Aims/hypothesis: A distinct family of MHC genes has been identified in the class III region and denominated MHC Class I chain-related genes (MIC). The MIC-A gene is located between the TNFA and the HLA-B genes. The aim of our study was to test the association of the polymorphism of the MIC-A gene with Type I (insulin-dependent) diabetes mellitus and evaluate the interaction between MIC-A and TNFA, HLA-B, HLA-DR and HLA-DQ gene polymorphism.

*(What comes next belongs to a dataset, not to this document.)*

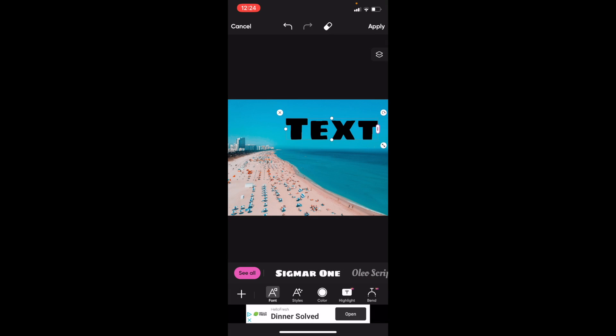So as you can tell, I have text selected. Now if you want to change the style for right now, a font is currently selected.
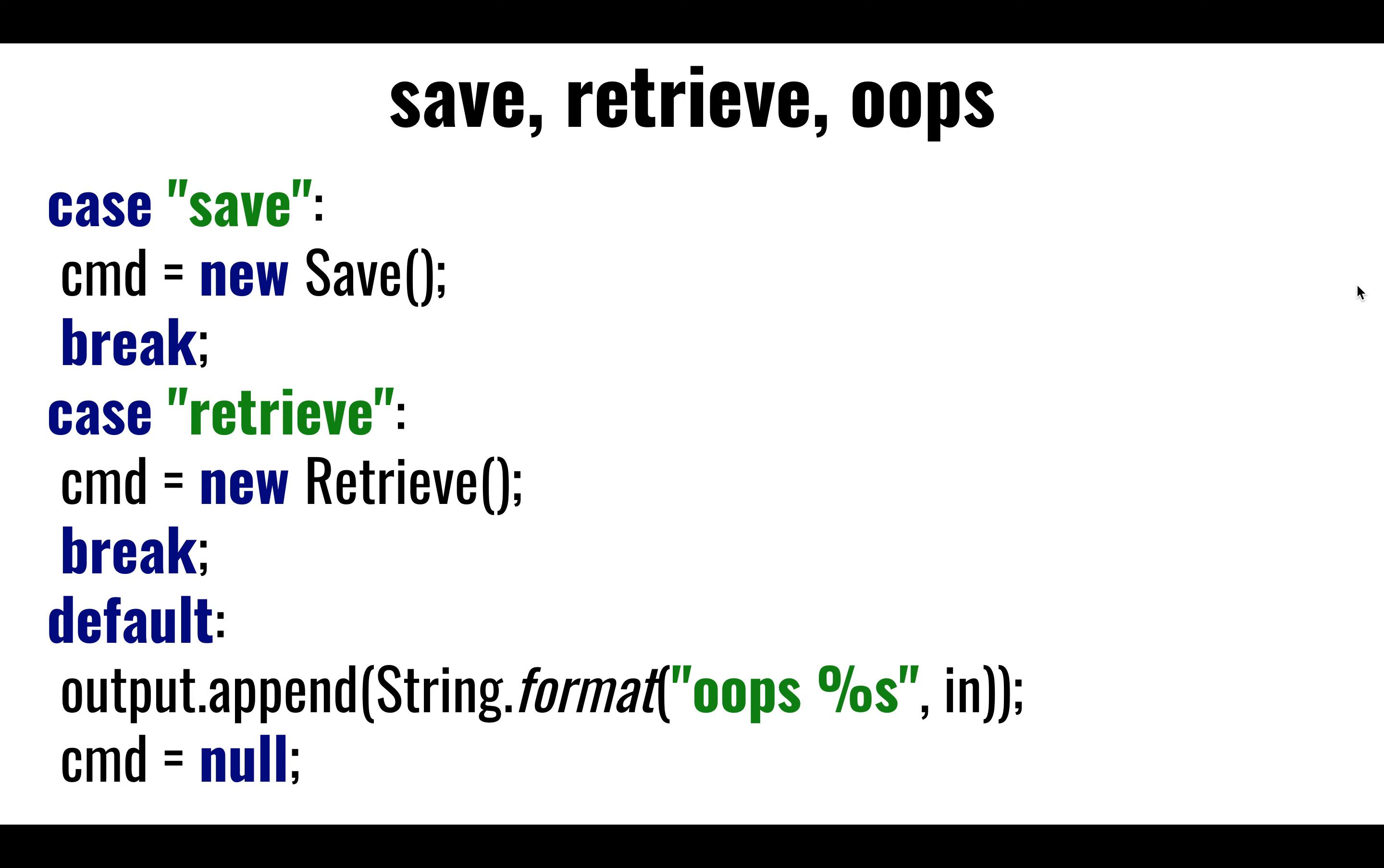Save, same thing. Instantiate save, instantiate retrieve. If it's none of the above, we're going to say, oops, I don't know what you're asking me to do. It didn't start with any known token that I knew. I'm just going to give you the benefit of the doubt. I'm not going to do anything, command null. It's none of the above. I don't know what you just said.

Methods: Type I diabetic (n =95) and healthy (n = 98) Italian subjects were typed for exon 5 of MIC-A and for HLA-DRB1, HLA-DQA1, HLA-DQB1 and TNFA alleles. All subjects were also typed for the presence of HLA-B8 or HLA-B15.
Results: The frequency of MIC-A5 was increased in diabetic subjects (53 % vs 15 %) (OR = 6.1) (corrected p, p(c) < 0.0005). Among HLA class II haplotypes, both HLA-DRB1*03-DQA1*0501-DQB1*0201 (DR3-DQ2) and DRB1*04-DQA1*0301-DQB1*0302 (DR4-DQ8) ("at-risk class II haplotypes") were positively associated with diabetes (OR = 6.7 and 6.0, respectively) (p(c) < 0.003). Also HLA-B8 was more frequent among Type I diabetic subjects than among healthy control subjects (OR = 2.8, p = 0.01). None of the TNFA alleles were statistically significantly associated with Type I diabetes. The MIC-A5 exon was negatively associated with age at clinical onset of diabetes (p = 0.012). Thus, 68 % diabetic subjects younger than 25 years and 29 % older than 25 years were carrying this allele. Both MIC-A5 and the at-risk class II haplotypes were independently associated with Type I diabetes and the combined association of the two markers had the highest relative risk (OR = 172). In subjects younger than 25 years, the OR of MIC-A5 was as high as 21.7 and was more than twofold that of at-risk class II haplotypes (OR = 9.5). The MIC-A5 exon was not in linkage disequilibrium with any of the HLA-class I, class II or TNFA alleles studied.
Conclusions/interpretation: The MIC-A gene polymorphism is associated with genetic risk for Type I diabetes and the combination of MIC-A5 and at-risk class II haplotypes is now to be seen as the strongest genetic marker for this disease.